ANDY SERWER: And before I let you go, I want to ask you about your fitness companies, Equinox and SoulCycle. I haven't talked to you about that.
STEPHEN ROSS: Well, we saw a number of years ago, probably just about 12 years ago, we had at least two Equinox space, and I saw how that was being used and I saw that there was a real connection with real estate, how it could really benefit it. And they were looking to go public, and I-- I got to know Harvey Spevak, who was the CEO. It was owned by two private equity firms, and they asked me to go on the board, you know, and so I wanted to know more about it.
And I was on the board for about nine months, and the opportunity came to buy the company. And so, you know, I stepped up. I saw the-- you know, you could see the importance of what health has become. I mean, like-- like I like to say is, you know, health is the new wealth. And today, you know, we've grown it. It's become a great brand. We've branched out. We own SoulCycle as well as, you know, the Equinox fitness clubs. We have a lower priced option that is hot as-- hot as can be called Blink, and we're now opening up Equinox hotels.
And so, you know, it's all a logical, you know, growth in terms of today we have over 350,000, 400,000 members.

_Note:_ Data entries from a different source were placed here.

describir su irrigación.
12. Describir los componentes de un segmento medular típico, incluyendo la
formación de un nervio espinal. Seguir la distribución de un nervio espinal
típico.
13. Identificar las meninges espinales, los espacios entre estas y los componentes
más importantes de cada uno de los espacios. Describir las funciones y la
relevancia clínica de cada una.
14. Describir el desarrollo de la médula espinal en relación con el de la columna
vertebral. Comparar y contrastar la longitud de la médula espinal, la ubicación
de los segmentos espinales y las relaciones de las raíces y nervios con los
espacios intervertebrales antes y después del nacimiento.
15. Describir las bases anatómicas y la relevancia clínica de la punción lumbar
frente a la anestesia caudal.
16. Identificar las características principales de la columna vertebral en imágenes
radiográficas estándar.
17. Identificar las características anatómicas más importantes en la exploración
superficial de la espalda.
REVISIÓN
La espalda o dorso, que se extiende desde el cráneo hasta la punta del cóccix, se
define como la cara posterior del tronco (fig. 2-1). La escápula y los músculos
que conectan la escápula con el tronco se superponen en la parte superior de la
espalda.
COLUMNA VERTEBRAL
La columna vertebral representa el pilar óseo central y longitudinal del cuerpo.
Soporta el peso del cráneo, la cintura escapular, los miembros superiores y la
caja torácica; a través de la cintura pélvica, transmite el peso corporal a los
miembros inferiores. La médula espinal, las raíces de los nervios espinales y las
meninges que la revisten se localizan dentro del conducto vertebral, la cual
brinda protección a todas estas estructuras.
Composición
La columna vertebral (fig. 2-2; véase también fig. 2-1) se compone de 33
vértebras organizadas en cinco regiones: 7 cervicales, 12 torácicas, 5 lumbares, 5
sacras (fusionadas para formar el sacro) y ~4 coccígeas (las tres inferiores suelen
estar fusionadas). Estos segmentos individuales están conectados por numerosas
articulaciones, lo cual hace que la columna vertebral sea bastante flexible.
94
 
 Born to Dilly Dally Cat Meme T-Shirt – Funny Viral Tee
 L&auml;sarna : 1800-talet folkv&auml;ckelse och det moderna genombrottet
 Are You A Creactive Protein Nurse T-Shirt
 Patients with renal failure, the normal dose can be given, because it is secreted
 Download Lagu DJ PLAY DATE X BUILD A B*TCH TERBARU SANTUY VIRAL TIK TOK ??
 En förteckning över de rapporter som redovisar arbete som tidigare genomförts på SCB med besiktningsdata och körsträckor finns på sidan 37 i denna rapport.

And I know when I asked my secretary when I'm traveling, I want to stay in a place that has a good health club. Very few hotels, they have a room. You know, you want to-- I like to work out every day, and I think that's what America is looking to do. So that's got us to go into the hotel business.

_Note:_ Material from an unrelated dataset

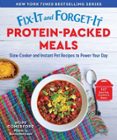 FIX-IT AND FORGET-IT PROTEIN-PACKED MEALS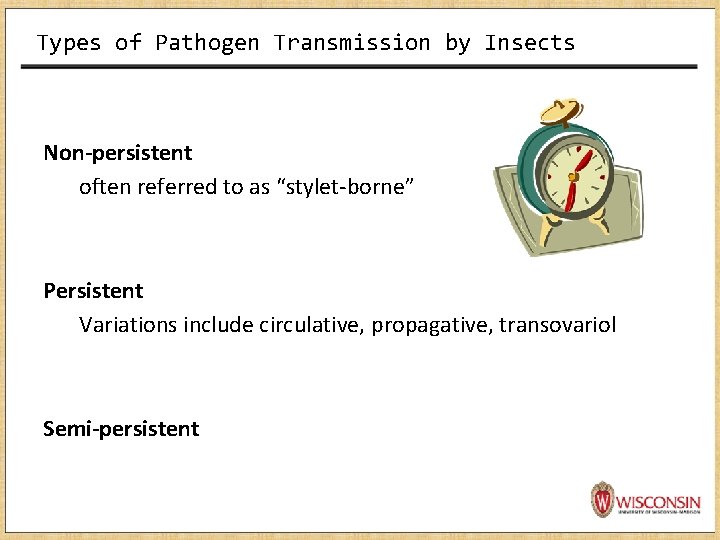 Types of Pathogen Transmission by Insects Non-persistent often referred to as “stylet-borne” Persistent Variations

And we hired the president of Four Seasons, and we're, you know, managing it ourselves. Some of the large chains wanted to manage it for us, but we thought to do it the right way and that we could control it, you know, we brought on our whole management staff. And we opened our first one on July 15. We have 13 sites already tied up under development. And I would say in 10 years, we'll probably have 80 hotels around the world.

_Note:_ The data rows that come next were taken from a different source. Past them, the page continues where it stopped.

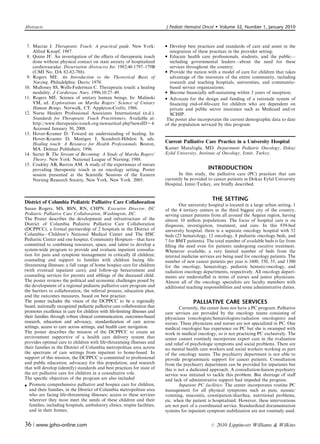Abstracts                                                                   J Pediatr Hematol Oncol        Volume 32, Number 1, January 2010



 7. Macrae J. Therapeutic Touch: A practical guide. New York:                Develop best practices and standards of care and assist in the
    Alfred Knopf; 1987.                                                       integration of these practices in the provider setting;
 8. Quinn JF. An investigation of the eﬀects of therapeutic touch            Educate health care professionals, students, and the public—
    done without physical contact on state anxiety of hospitalized            including governmental leaders—about the need for these
    cardiovascular. Dissertation Abstractss Int. 1982;46:1797–179B            services throughout the country;
    (UMI No. DA 82-82-788).                                                  Provide the nation with a model of care for children that takes
 9. Rogers ME. An Introduction to the Theoretical Basis of                    advantage of the resources of the entire community, including
    Nursing. Philadelphia: Davis; 1970.                                       research and teaching hospitals, universities, and community-
10. Mulloney SS, Wells-Federman C. Therapeutic touch: a healing               based service organizations;
    modality. J Cardiovasc Nurs. 1996;10:27–49.                              Become ﬁnancially self-sustaining within 3 years of inception;
11. Rogers ME. Science of unitary human beings. In: Malinski                 Advocate for the design and funding of a rationale system of
    VM, ed. Explorations on Martha Rogers’ Science of Unitary                 ﬁnancing end-of-life-care for children who are dependent on
    Human Beings. Norwalk, CT: Appleton-Crofts; 1986.                         private and public sector insurance such as Medicaid and/or
12. Nurse Healers Professional Associates International (n.d.).               SCHIP.
    Standards for Therapeutic Touch Practitioners. Available at:             The poster also incorporates the current demographic data to date
    http://www.therapeutic-touch.org/newsarticel.php?newsID=4.              of the population serviced by this program.
    Accessed January 30, 2008.
13. Hover-Kramer D. Toward an understanding of healing. In:
    Hover-Kraemr D, Mentgen J, Scandrett-Hibdon S, eds.
    Healing touch: A Resource for Health Professionals. Boston,             Current Palliative Care Practice in a University Hospital
    MA: Delmar Publishers; 1996.                                            Kamer Mutafoglu, MD. Department Pediatric Oncology, Dokuz
14. Sarter B. The Stream of Becoming: A Study of Martha Rogers’             Eylul University, Institute of Oncology, Izmir, Turkey.
    Theory. New York: National League of Nursing; 1988.
15. Coakley AB, Barron AM. A study of the experiences of nurses
    providing therapeutic touch in an oncology setting. Poster                                    INTRODUCTION
    session presented at the Scientiﬁc Sessions of the Eastern                     In this study, the palliative care (PC) practices that can
    Nursing Research Society, New York, New York. 2005.                     currently be provided to cancer patients in Dokuz Eylul University
                                                                            Hospital, Izmir/Turkey, are brieﬂy described.


                                                                                                    THE SETTING
District of Columbia Pediatric Palliative Care Collaboration
                                                                                   Our university hospital is located in a large urban setting, 1
Susan Rogers, MS, BSN, RN, CHPN. Executive Director, DC                     of the 4 tertiary centers in the third biggest city of the country,
Pediatric Palliative Care Collaboration, Washington, DC.                    serving cancer patients from all around the Aegean region, having
The Poster describes the development and infrastructure of the              almost 10 million populations. The focus of hospital care is on
District of Columbia Pediatric Palliative Care Collaboration                diagnosis, investigation, treatment, and cure. In this 939-bed
(DCPPCC), a formal partnership of 2 hospitals in the District of            university hospital, there is a separate oncology hospital with 52
Columbia—Children’s National Medical Center and The HSC                     beds (25 hematology, 12 oncology, 8 pediatric oncology beds, and
Pediatric Center and one hospice, Community Hospices—that have              7 for BMT patients). The total number of available beds is far from
committed to combining resources, space, and talent to develop a            ﬁlling the need even for patients undergoing curative treatment.
system-wide program to provide and evaluate inpatient consulta-             Whenever available, a very limited number of beds from the
tion for pain and symptom management in critically ill children;            internal medicine services are being used for oncology patients. The
counseling and support to families with children facing life-               number of new cancer patients per year is 1600, 350, 55, and 1300
threatening illnesses; a full range of home hospice care for children       for the oncology, hematology, pediatric hemato/oncology, and
(with eventual inpatient care); and follow-up bereavement and               radiation oncology departments, respectively. All oncology depart-
counseling services for parents and siblings of the deceased child.         ments are understaﬀed in terms of nurses and junior physicians.
The poster reviews the political and economic challenges posed by           Almost all of the oncology specialists are faculty members with
the development of a regional pediatric palliative care program and         additional teaching responsibilities and some administrative duties.
the barriers to collaboration, the referral process, education plan,
and the outcomes measures, based on best practice.
The poster includes the vision of the DCPPCC to be a regionally                           PALLIATIVE CARE SERVICES
based, nationally recognized pediatric palliative care collaboration that           Currently, the center does not have a PC program. Palliative
promotes excellence in care for children with life-limiting illnesses and   care services are provided by the oncology teams consisting of
their families through robust clinical communication, outcomes-based        physicians (oncologists/hematologists/radiation oncologists) and
research, education and advocacy, standardization of care across            nurses. These physicians and nurses are not specialized in PC. One
settings, access to care across settings, and health care navigation.       medical oncologist has experience on PC but she is swamped with
The poster describes the mission of the DCPPCC to create an                 work in medical oncology, so is not practicing PC exclusively. The
environment supportive of a health care delivery system that                center cannot routinely incorporate expert care in the evaluation
provides optimal care to children with life-threatening illnesses and       and relief of psychologic symptoms and social problems. There are
their families in the District of Columbia metropolitan area across         no mental health care workers and social workers working as part
the spectrum of care settings from inpatient to home-based. In              of the oncology teams. The psychiatry department is not able to
support of this mission, the DCPPCC is committed to professional            provide programmatic support for cancer patients. Consultation
and public education, advocacy for this population, and research            from the psychiatry department can be provided for inpatients but
that will develop (identify) standards and best practices for state of      this is not a dedicated approach. A consultation-liaison psychiatry
the art palliative care for children in a consultative role.                service was initiated to tackle this problem. But shortage of staﬀ
The speciﬁc objectives of the program are also included                     and lack of administrative support had impeded the progress.
 Promote comprehensive palliative and hospice care for children,                   Inpatient PC facilities: The center incorporates routine PC
   and their families, in the District of Columbia metropolitan area        management for all physical symptoms such as pain, nausea/
   who are facing life-threatening illnesses; access to these services      vomiting, mucositis, constipation/diarrhea, nutritional problems,
   wherever they most meet the needs of these children and their            etc. when the patient is hospitalized. However, these interventions
   families, including hospitals, ambulatory clinics, respite facilities,   are not part of a coordinated service. Standardized documentation
   and in their homes;                                                      systems for inpatient symptom stabilization are not routinely used.


36 | www.jpho-online.com                                                                            r   2010 Lippincott Williams  Wilkins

So it's really, you know, continuing to grow the company. And we're getting into the digital business so that both-- you can, you know, when you're not able to go to a club, you'll be able to do it at home. And you'll have it-- you'll be able to select, you know, all these different opportunities in terms of what you want in terms of the bike or running. We have set up a new-- another company called Precision Run. It deals with runners, so we'll have our own treadmills. So it's really a really-- the company is really growing. And it's, you know, for today's times, it's really a hot brand that, you know, we're looking to continue to make it better and be dominant in our area.
ANDY SERWER: Last question, Stephen. This show is called "Influencers," and I want to ask you how you see using your influence on the world.
STEPHEN ROSS: Well, I mean, I-- I mean, I do what I feel, you know, is right and what is good, and if that has an impact on other people. You know, it's like our development. I think that our developments, people want to follow you because if, you know, you're doing it right and you're successful, you're going to have an impact, you know? And I think, you know, by doing things is the greatest way to influence people by doing it right and having them kind of-- you love flattery, you know, that somebody's trying to do what you're doing, you know? And that's probably the most influence you could possibly have except what you do with your own children, you know?
ANDY SERWER: Stephen Ross, chairman of the Related Companies, owner of the Miami Dolphins, thanks very much for joining us.
STEPHEN ROSS: Thank you. It was a pleasure being here.